▶ **Required work**
Print the lines of the entries below from the one with "Photo d'une vue" through the final line, exactly as they appear. The pictures are not part of the copy.

(Beginning of Information)

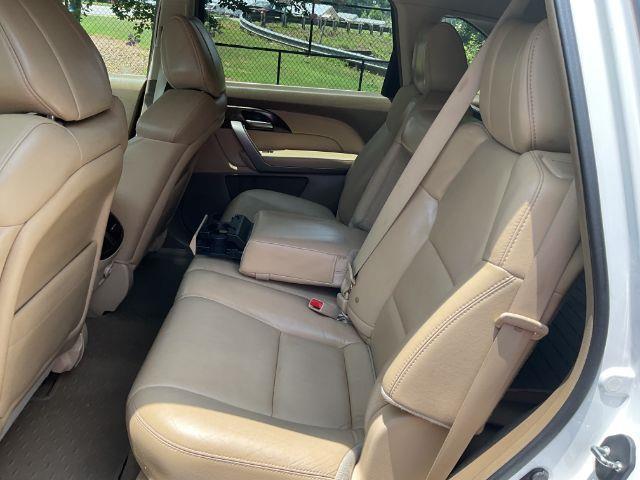Acura MDX 6-Spd AT w/Tech Package 2012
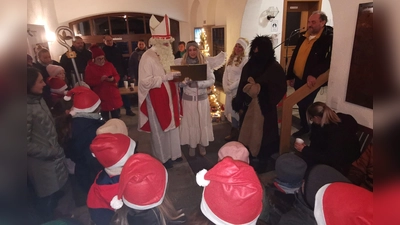 Der Nikolaus (Daniel Biermeier) verteilte mit dem Krampus (Thomas Reindl) und seinen Engeln (Dea Dippel und Katja Hierold) die Geschenke an anwesende Kinder.<br> (Bild: Karl Ziegler)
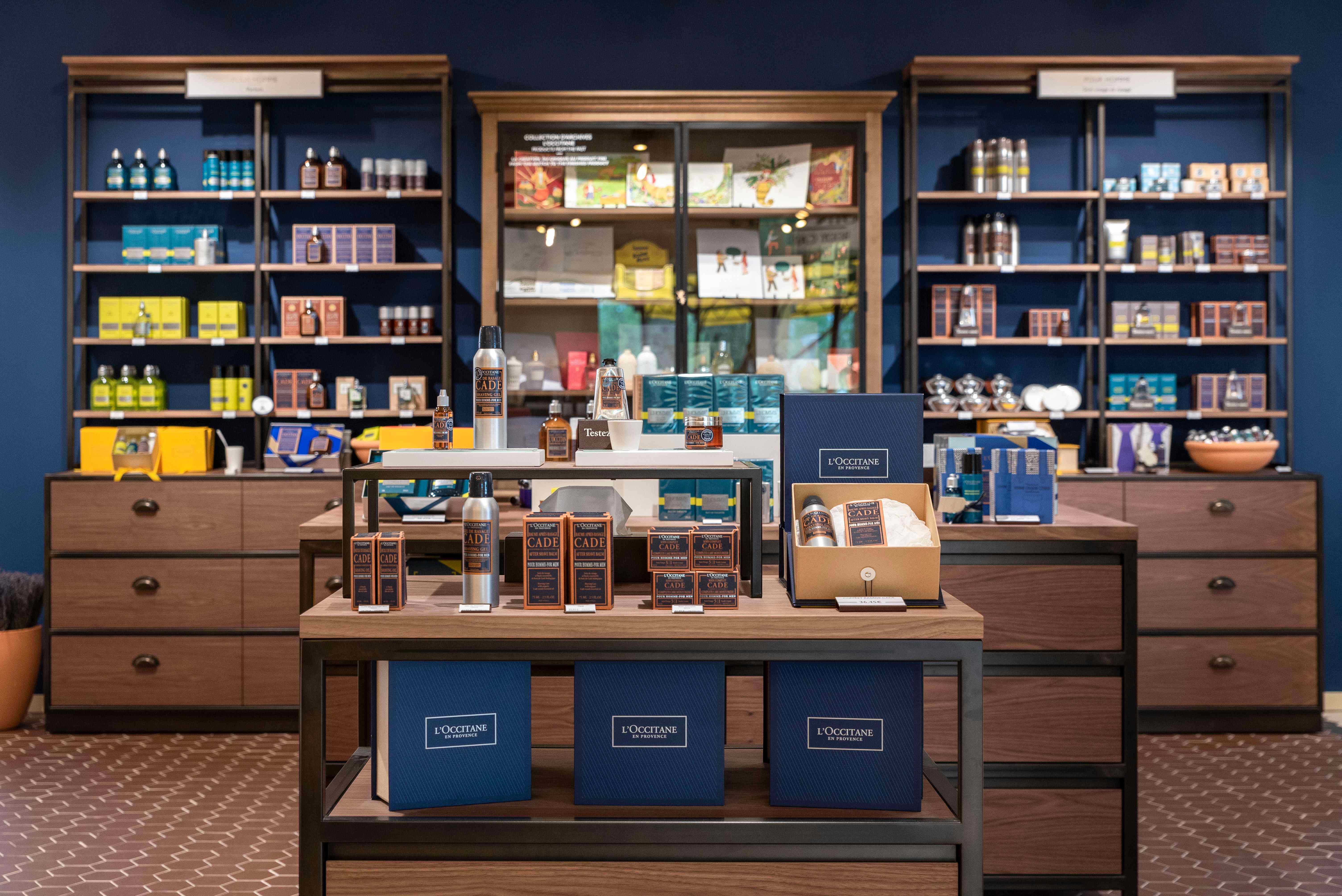 Photo d'une vue intérieure du magasin L'Occitane à Manosque dans la zone homme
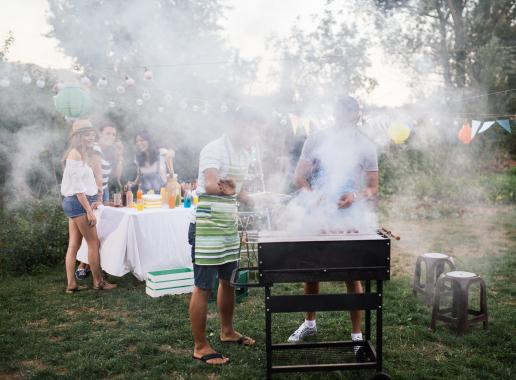 mensen bij een barbecue met veel rook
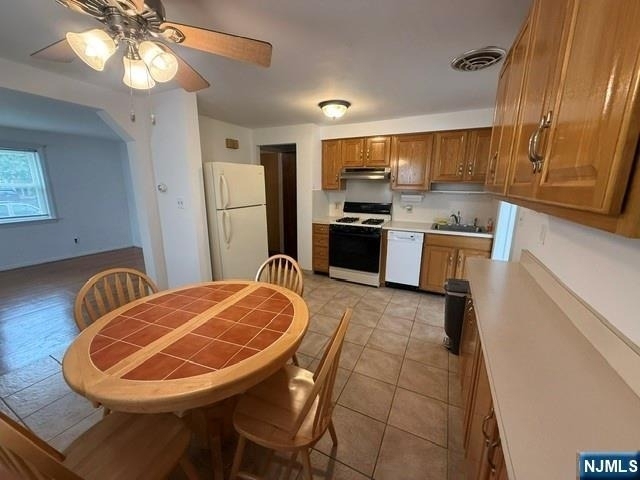 11 Canterbury - Photo 6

(End of Information)

▶ **Finished exercise**
 Photo d'une vue intérieure du magasin L'Occitane à Manosque dans la zone homme
 mensen bij een barbecue met veel rook
 11 Canterbury - Photo 6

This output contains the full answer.